On Sep 26, 2006, at 7:37 AM, Boris Zbarsky wrote:
Maciej Stachowiak wrote:
You can't use "apply" with "new". What part of the spec says you can?
I haven't been able to find the part of the spec that addresses
this at all. So the question could also be posed as "What part of
the spec says you can't?"
"new" invokes the [[Construct]] internal property rather than the
[[Call]] internal property, and Object.apply does not have the former.
Or to put it in slightly plainer English, you can only use "new" with
a constructor, not a function, and while every user-defined function
is a constructor, the same is not true of host functions; they can
only be invoked as a constructor when the spec says so.
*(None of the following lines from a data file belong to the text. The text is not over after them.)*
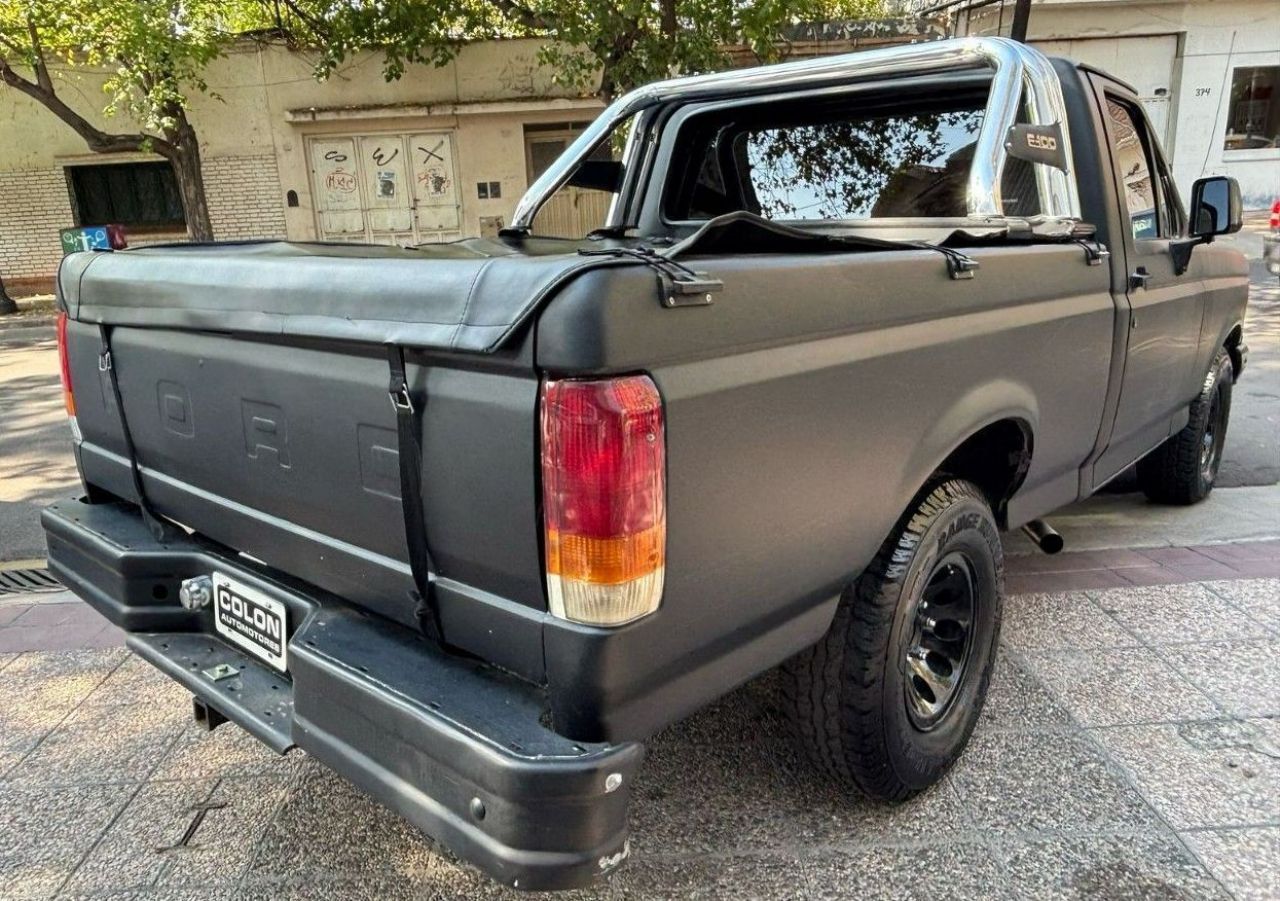 Ford F-100 Usada en Mendoza, deRuedas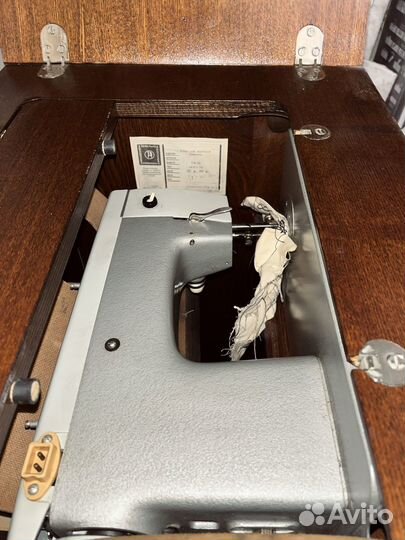 Швейная машина Чайка 3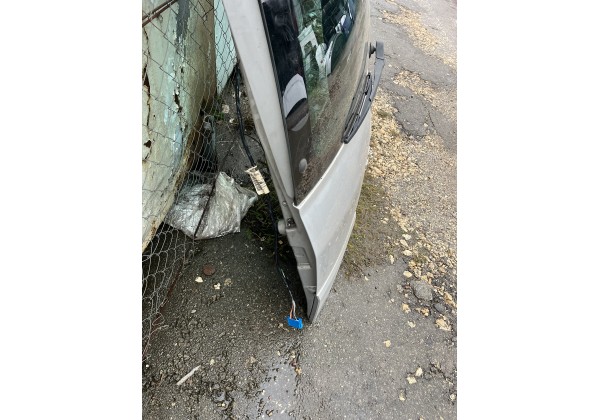 Кришка Багажника Renault Espace 4, код фарби TED69 , з відкривним склом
And apply is just an example; I don't know enough about the twisty
details of ECMA to figure out what all else could be done to
transplant functions; every time I think I've seen it all someone
posts another security exploit that uses parts of ECMA I've never
heard of in weird ways. ;)
I agree there can be strange edge cases at times, but this is not one
of them afaict. Keep in mind that that the potential transplant here
is a constructor, not a function.
Again, my real issue is that the attempt at "definition" that
currently exists in the XMLHttpRequest spec doesn't make it clear
what the terms it's using mean.
I agree the definition should be clear, I'll try to review the
existing one and suggest more precise wording if needed.